But these questions can be deeper questions if we approach them in a deeper, broader way. 

Who are you? 

Really, in the deepest, truest sense you can name right now: Who are you?

This is a fundamental question. And it is a question that we grow into as we grow and mature. Our answers may change and evolve at different times in our lives. I’m sure you can reflect on the different ways you’ve answered this question at different times in your life. Old answers may break down and be reformed. We may lose track of an important part of our identity, and recover it and find that it’s still true but in a new way. We may need to find new words, new communities of belonging, or even new names.

As a person of faith, our relationship with God and the activity of the Divine in our lives is a central part of our journey with that this question: Who are you?

Then there’s the question:

Where are you? 

Literally where we are may change through our lives in ways that we may or may not name clearly. But also, how we understand where we are, wherever that is, here and now, the broader context, this also can grow and change, or be more accurate or less accurate, narrow or broad. It’s good to take stalk of this. Where are you? Where is this? What does that mean? How do we understand it?

And then, What time is it? What season? 

As the Book of Ecclesiastes says, there is a time and season for everything under the sun, that then call us to be and do according to the season. What season of life are you in?
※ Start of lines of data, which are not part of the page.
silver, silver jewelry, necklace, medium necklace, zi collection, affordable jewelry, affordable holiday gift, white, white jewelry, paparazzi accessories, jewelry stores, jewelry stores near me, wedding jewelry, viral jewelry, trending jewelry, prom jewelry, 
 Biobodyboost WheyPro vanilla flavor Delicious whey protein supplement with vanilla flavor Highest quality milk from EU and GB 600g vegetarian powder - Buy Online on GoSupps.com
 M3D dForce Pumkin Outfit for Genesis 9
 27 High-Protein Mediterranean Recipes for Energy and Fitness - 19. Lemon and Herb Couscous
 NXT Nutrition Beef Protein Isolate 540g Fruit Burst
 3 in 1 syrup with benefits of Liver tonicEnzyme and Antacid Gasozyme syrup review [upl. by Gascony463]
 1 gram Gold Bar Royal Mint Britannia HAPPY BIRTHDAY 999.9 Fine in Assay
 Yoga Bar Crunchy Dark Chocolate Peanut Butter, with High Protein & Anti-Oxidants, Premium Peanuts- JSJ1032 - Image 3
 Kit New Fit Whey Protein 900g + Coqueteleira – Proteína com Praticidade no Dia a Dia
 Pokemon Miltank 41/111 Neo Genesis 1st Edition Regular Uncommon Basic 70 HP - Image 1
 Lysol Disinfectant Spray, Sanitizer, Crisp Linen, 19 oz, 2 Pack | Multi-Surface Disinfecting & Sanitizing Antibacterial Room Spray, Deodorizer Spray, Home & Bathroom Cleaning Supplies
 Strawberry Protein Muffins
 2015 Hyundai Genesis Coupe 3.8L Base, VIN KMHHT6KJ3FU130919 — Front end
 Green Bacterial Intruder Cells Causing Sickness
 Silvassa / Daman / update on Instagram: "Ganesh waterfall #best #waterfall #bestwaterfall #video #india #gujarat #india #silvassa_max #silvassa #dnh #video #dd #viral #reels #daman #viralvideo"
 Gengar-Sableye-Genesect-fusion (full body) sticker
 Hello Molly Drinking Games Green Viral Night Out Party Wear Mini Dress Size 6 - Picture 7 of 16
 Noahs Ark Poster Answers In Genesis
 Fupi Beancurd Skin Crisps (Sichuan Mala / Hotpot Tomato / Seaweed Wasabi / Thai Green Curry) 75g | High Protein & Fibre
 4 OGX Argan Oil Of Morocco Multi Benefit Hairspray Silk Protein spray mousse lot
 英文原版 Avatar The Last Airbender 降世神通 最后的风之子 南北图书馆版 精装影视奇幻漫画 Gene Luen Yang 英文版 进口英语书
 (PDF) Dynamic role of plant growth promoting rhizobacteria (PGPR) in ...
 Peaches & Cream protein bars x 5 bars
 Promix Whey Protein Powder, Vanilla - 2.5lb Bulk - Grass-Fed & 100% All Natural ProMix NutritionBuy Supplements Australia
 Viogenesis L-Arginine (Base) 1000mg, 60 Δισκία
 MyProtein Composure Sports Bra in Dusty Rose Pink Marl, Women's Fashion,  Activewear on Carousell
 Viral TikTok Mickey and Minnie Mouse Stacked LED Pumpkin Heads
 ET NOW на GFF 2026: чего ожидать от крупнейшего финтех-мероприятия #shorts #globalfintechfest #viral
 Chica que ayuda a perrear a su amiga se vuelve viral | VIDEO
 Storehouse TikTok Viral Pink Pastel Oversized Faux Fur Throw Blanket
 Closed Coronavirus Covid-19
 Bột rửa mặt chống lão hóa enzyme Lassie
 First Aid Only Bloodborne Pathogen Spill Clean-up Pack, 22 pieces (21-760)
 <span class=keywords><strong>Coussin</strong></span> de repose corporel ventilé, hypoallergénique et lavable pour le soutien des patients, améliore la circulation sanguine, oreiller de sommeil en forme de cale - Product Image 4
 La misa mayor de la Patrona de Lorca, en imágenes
And how do we understand the historical era, “The Times We are Living Through”? What does that ask of us? 

And then the really big question: 

Why are you here?  

Why are you here, here, this moment? What has brought you to this sanctuary on a Sunday morning?

And then why are you here in this existence in a more fundamental sense? Big question, important question. There can be multiple answers; there can be one central answer. There may be times we feel clear about our purpose, times when we are searching or adrift, times we have breakthroughs, times when we experiment and play with the big Why? Why are you here?

This question can draw on the big God-scope of things. “God, why am I here? Why did you breathe me into life? Why did you bring humans to be? Why is there life in the wider than human world? What is the meaning of all this, and my role within it?” 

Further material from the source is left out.